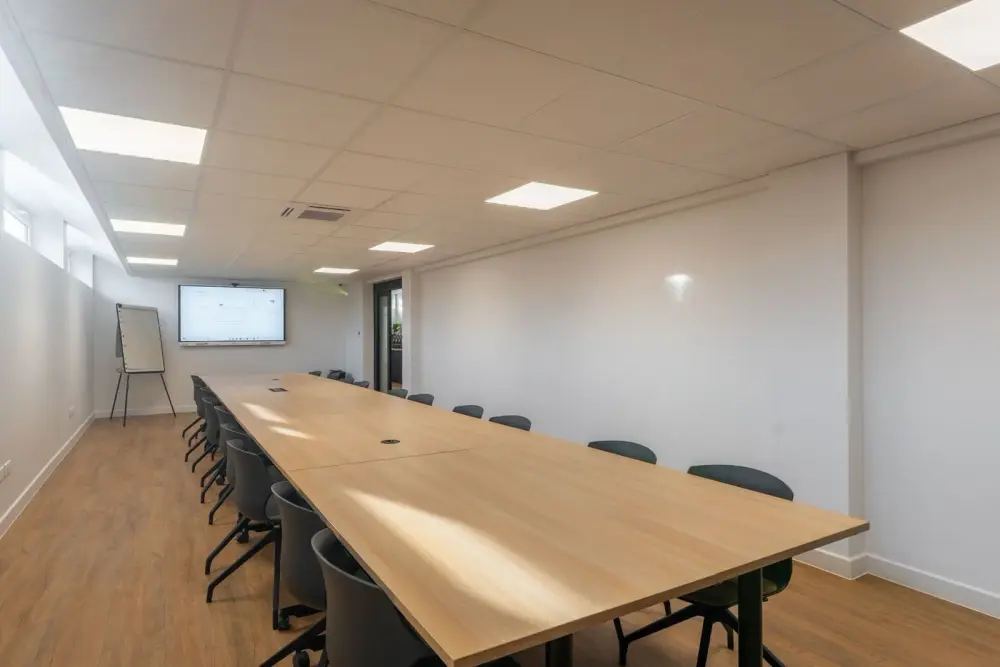 Buro Club Strasbourg - Mundolsheim, Salle de réunion BORNEO 14PAX, Mundolsheim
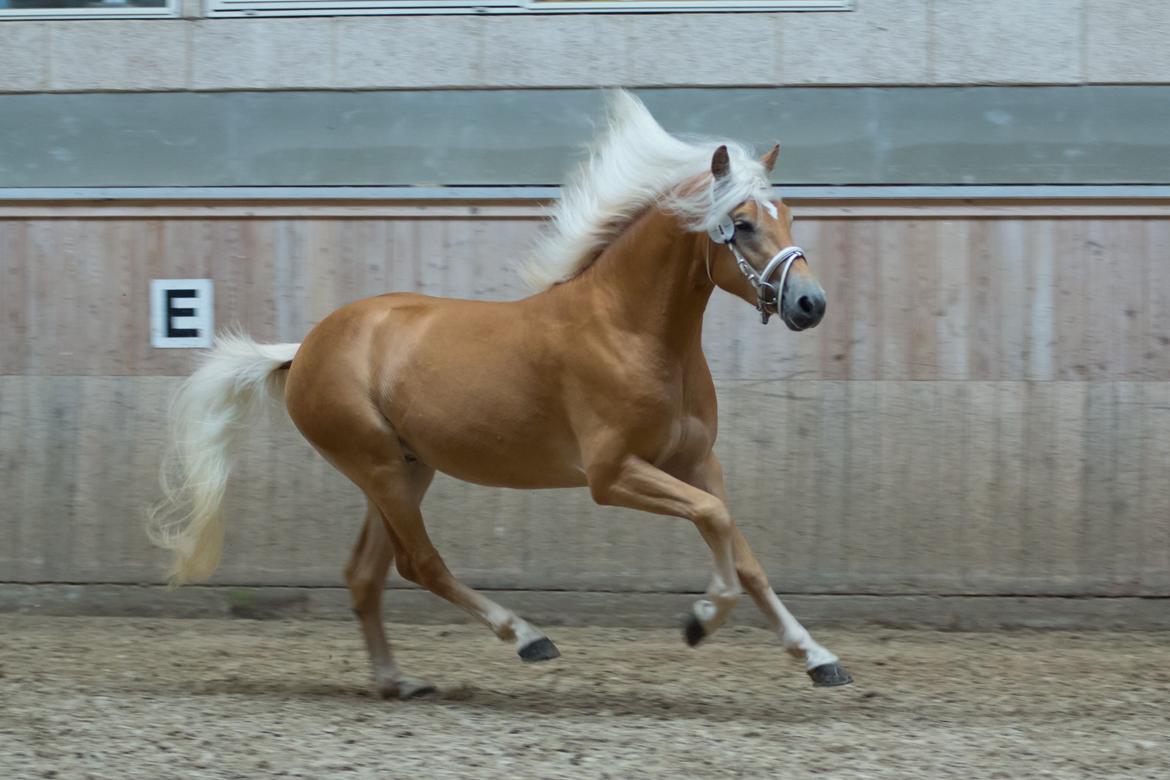 Haflinger Artaud Classwei af Åtte Bjerge - Kåring som 3 års billede 10
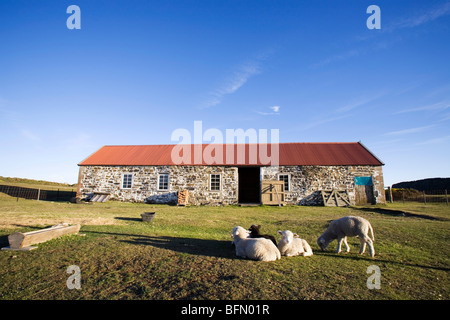 Îles Falkland, Darwin. Moutons et bâtiment de ferme. Banque D'Images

******************************

WHAT YOU HAVE TO DO:
Copy out every line of the data above, taking care to leave the pictures out.

WRITTEN SOLUTION:
 Buro Club Strasbourg - Mundolsheim, Salle de réunion BORNEO 14PAX, Mundolsheim
 Haflinger Artaud Classwei af Åtte Bjerge - Kåring som 3 års billede 10
 Îles Falkland, Darwin. Moutons et bâtiment de ferme. Banque D'Images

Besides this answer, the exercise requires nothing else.